Govt suspends licenses of multiple SACCOs amid regulatory crackdown

The Savings and Credit Cooperative Societies Regulatory Authority (SASRA) has moved to restrict the licences of several Savings and Credit Cooperative Societies (SACCOs), a decisive enforcement action designed to tighten compliance in the SACCO sector and safeguard members’ deposits.

The notice issued on February 3, 2026 places licensing restrictions on five SACCOs and follows broader oversight measures aimed at strengthening governance in one of Kenya’s most critical grassroots financial segments.
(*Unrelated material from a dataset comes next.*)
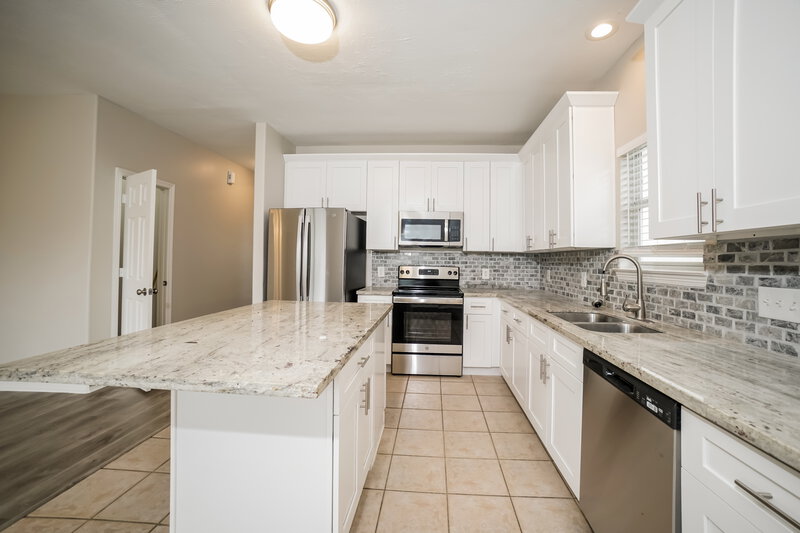 2,180/Mo, 21226 Peachvine Ln Tomball, TX 77375 Kitchen View 2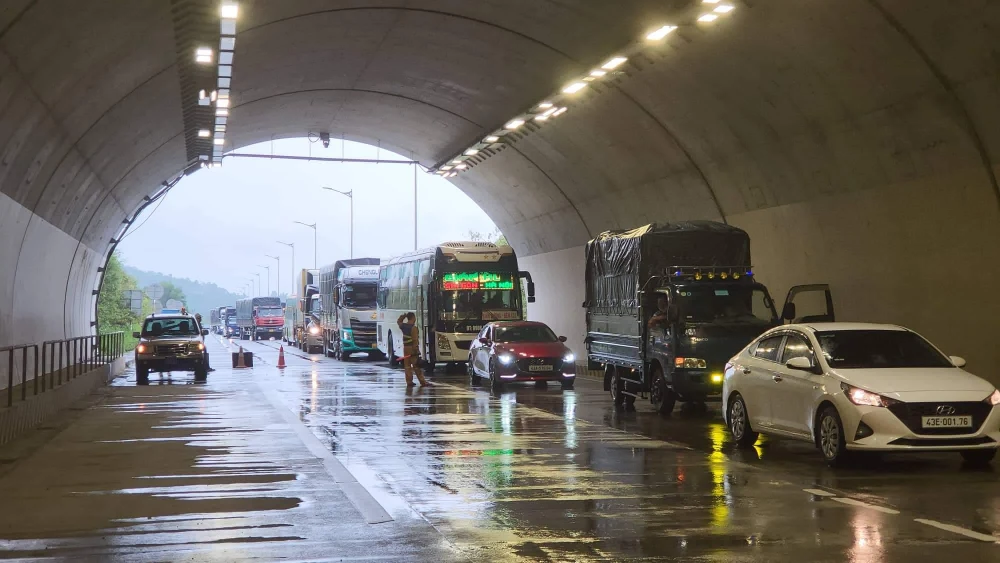 Khoảng 15 giờ 30, các phương tiện có thể di chuyển chậm qua hầm Núi Eo.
Under the regulatory action, five SACCOs based in Nairobi, Samburu, Kiambu, Marsabit and Kajiado have been issued “Conditionally Restricted Licences” for the period January 1 to December 31, 2026, limiting them strictly to credit-only operations and prohibiting them from taking new deposits from members or the public.

The five SACCOs placed under restricted licences are:

  1. Dumisha SACCO Society Ltd — Samburu County
  2. Bi-High SACCO Society Ltd — Marsabit County
  3. Metropolitan National SACCO Society Ltd — Kiambu County
  4. Ol’Kaunsel Regulated Non-WDT SACCO Society Ltd — Kajiado County
  5. Digital Media Regulated Non-WDT SACCO Society Ltd — Nairobi County

The suspension of deposit-taking privileges reflects concerns about compliance with prudential standards under the Sacco Societies Act, 2010 and its implementing regulations, which require licensed SACCOs to maintain adequate capital, liquidity and governance frameworks.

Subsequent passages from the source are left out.